Guided by 30 m terrain and forest cover data, snow sublimation from the Salt River basin in the Southwest U.S. is simulated for years 2008 (wet year) and 2007 (dry year). Downscaled meteorological input correlates well ( r ~0.80) with independent observations at AmeriFlux sites. Additionally, model correlation and bias with eddy‐covariance vapor flux observations is comparable to previous localized modeling efforts. Upon a 30% reduction in effective leaf area index, canopy sublimation decreases by 1.29 mm (27.0%) and 1.05 mm (23.0%) at the basin scale for the 2008 and 2007 simulations, respectively. Ground sublimation decreases 0.72 mm (4.75%) in 2008 and only 0.17 mm (1.5%) in 2007. Canopy snow‐holding capacity and frequent unloading events at lower elevations limit the variability in canopy sublimation from wet year to dry year at the basin scale.
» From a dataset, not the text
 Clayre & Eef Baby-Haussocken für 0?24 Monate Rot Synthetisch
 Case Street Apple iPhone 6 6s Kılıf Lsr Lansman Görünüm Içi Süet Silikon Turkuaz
The greater decrease in snowpack sublimation in the wet year is partly due to decreased longwave radiation from the canopy reduction over a more extensive snowpack than the dry year. This decrease overcomes the increased solar radiation and wind speed during winter. A second factor is that a greater extent of the snowpack persisted into spring in 2008 than 2007, and the large increase in shortwave flux upon canopy reduction increases melt rates, reducing duration. Only in heavily forested high elevations (>2900 m above sea level) in 2008 does the snowpack persist long enough into spring to result in increased ground sublimation upon canopy reduction. As forest cover change can occur rapidly, these results are critical from water resource and ecosystem function perspectives.